Creating a Version of a Game for a Company
The ultimate destination when talking about working with other companies is to actually create a game for them. More realistically, this might be to create a special version of an existing game for them, since most companies can't (or won't) pay the $4 million to $12 million needed for a high-quality console game. If you're creating a racing game, you might want to consider developing special versions for some of the car manufacturers that you're working with, featuring only their vehicles and putting their branding on the front end and loading screens. If you're talking to a company about in-game sponsorship, then why not bring up the idea of a unique version just for the company and see if it is something it would be willing to pay for.

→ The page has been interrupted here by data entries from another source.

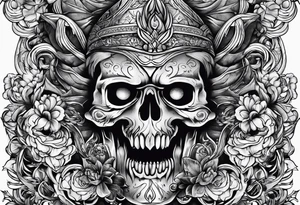 Bad employer tattoo idea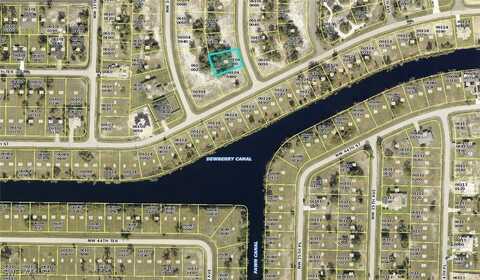 4506 NW 36th Avenue, Cape Coral, FL 33993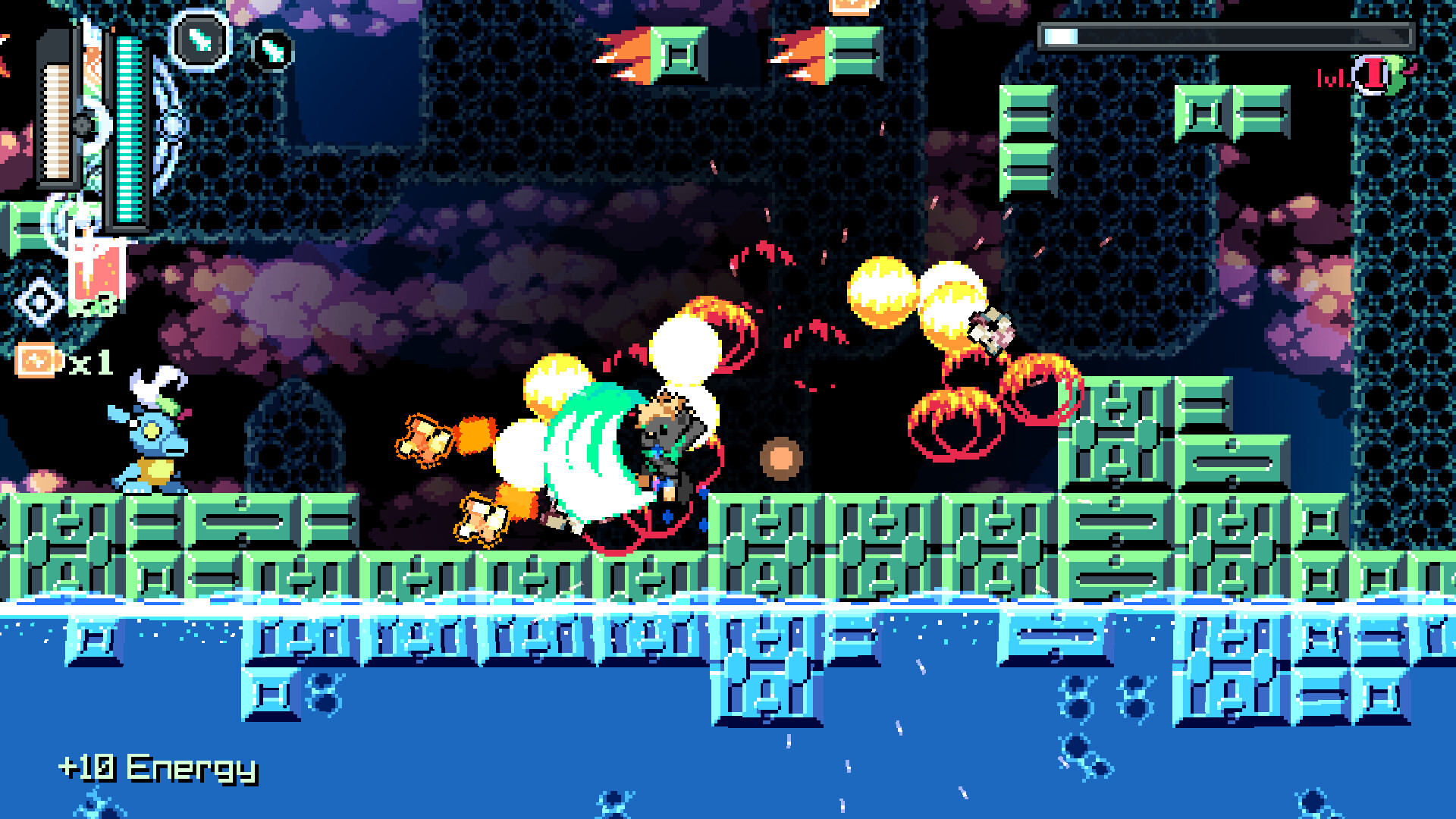 Crescent Break trailer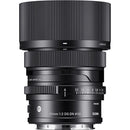 Sigma 50mm f/2 DG DN Contemporary Lens (L-Mount)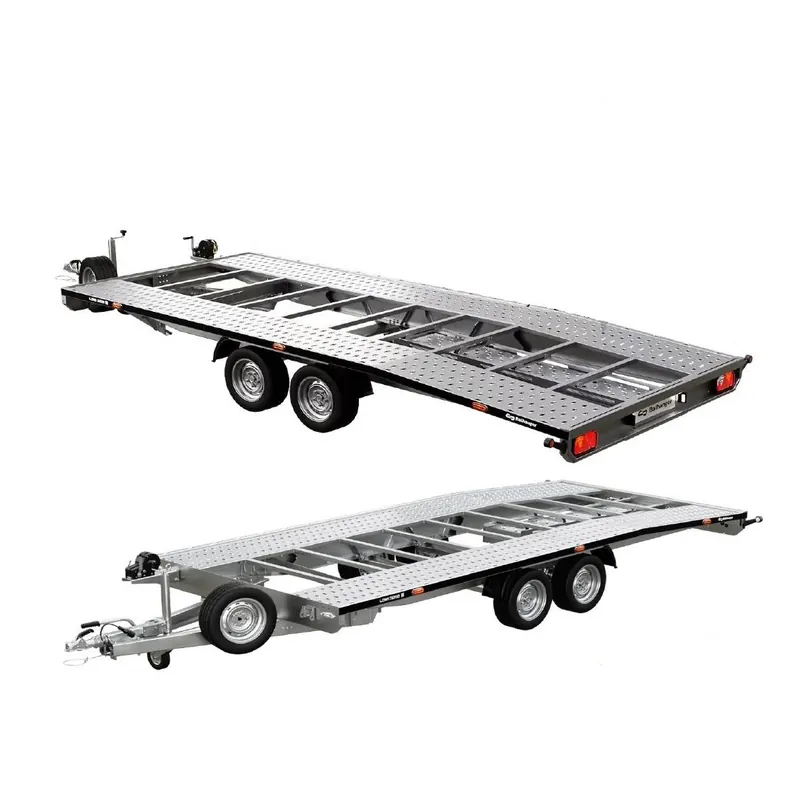 BALHANGER LOWI 2755 – Remorcă pentru transport auto Popular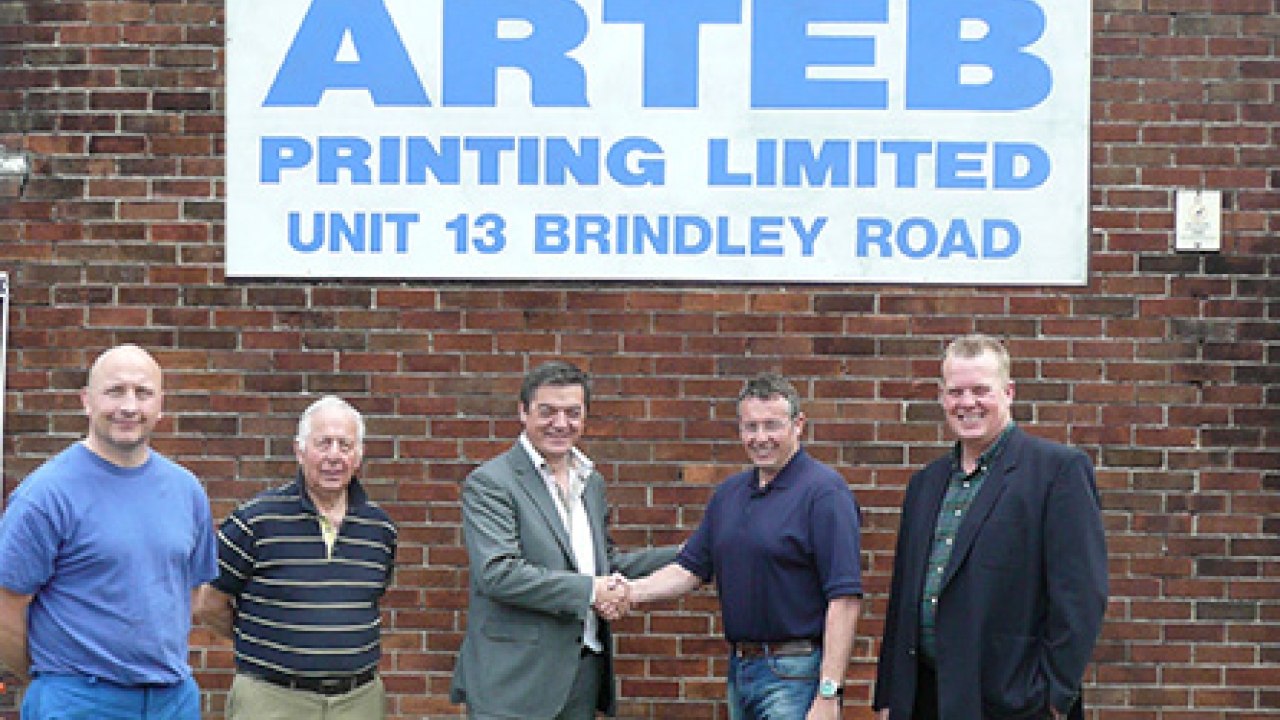 UNI Packaging has acquired the UK’s Arteb Printing as part of the company’s expansion plans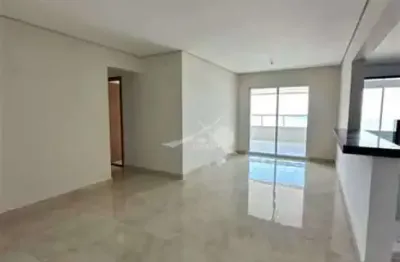 Apartamento com 3 quartos, caiçara, praia grande - sp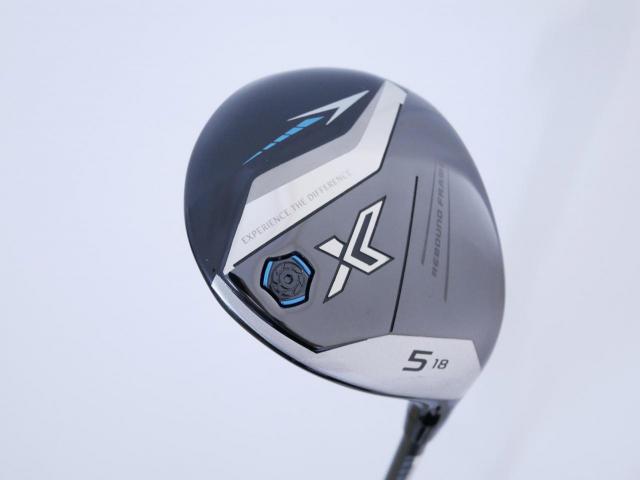 Fairway Wood : xxio : หัวไม้ 5 XXIO X (ออกปี 2024) Loft 18 ก้าน Miyazaki AX-3 Flex S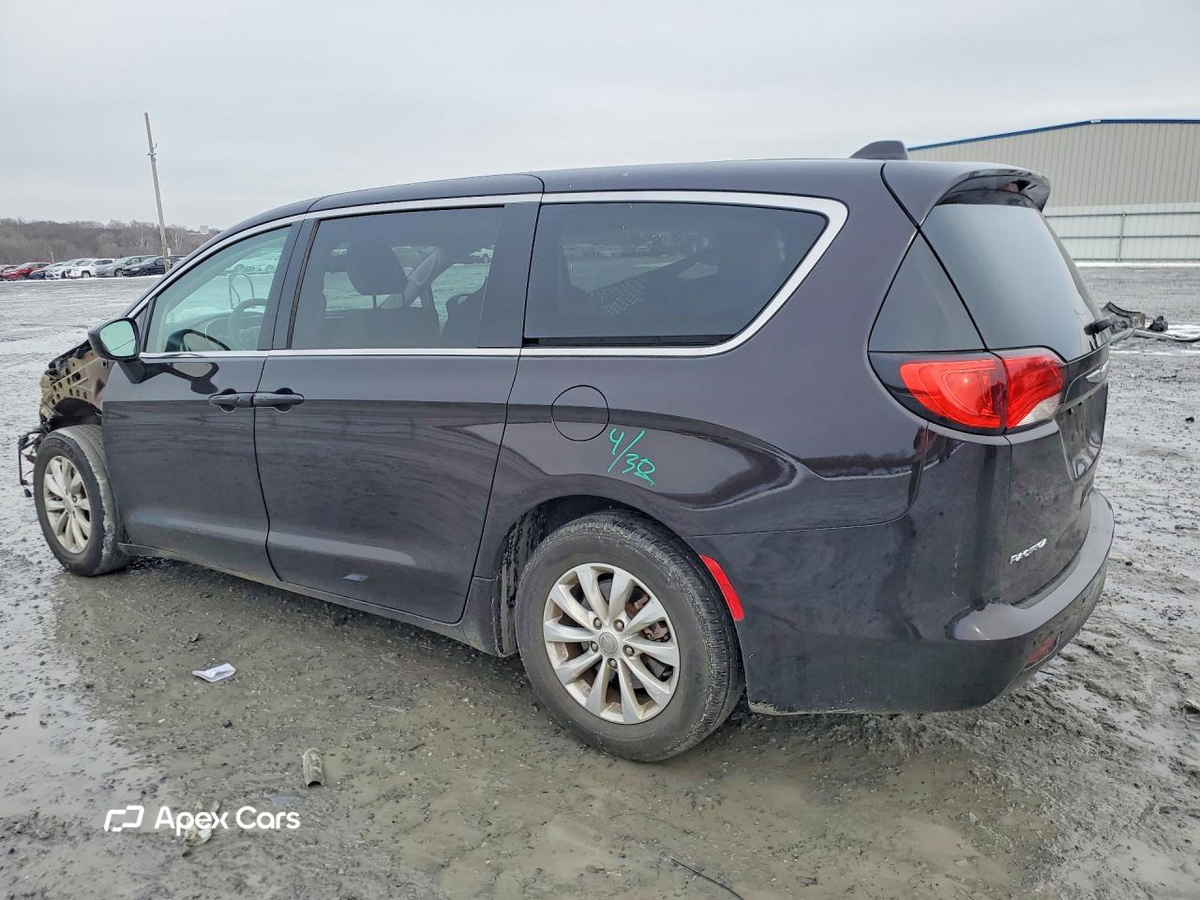 Chrysler Pacifica 2017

Bear in mind that if a company wants a console game, you'll need to submit the extra version to Microsoft/Sony/Nintendo in order to manufacture gold discs, so you need to check this out before signing the deal and find out whether you'll be charged extra for QA and whether you can get a low-volume run manufactured. Otherwise, creating a tailored PC version of your game is obviously much simpler, and this route makes a lot of sense. Many companies have trade shows, and it's great for them to be able to run a game that features their brand at these shows to inject some entertainment and excitement. For them, it's a case of having something very cool and exciting attached to their brand—video games are great at attracting young consumers. For developers or publishers, it's simply a case of making some additional profit from their existing game engine.
Hopefully, you've seen the different kinds of in-game sponsorship and advertising that you might want to consider at some point. Although it may feel overly commercial, remember that you need to make money with your game, and by using advertising in the right way, you could add authenticity to your project while also earning revenue. This could mean that you wouldn't need to sell as many copies to start making royalties, or even that you have additional money to do a better audio recording or to employ a couple more level designers. Just don't sell your soul.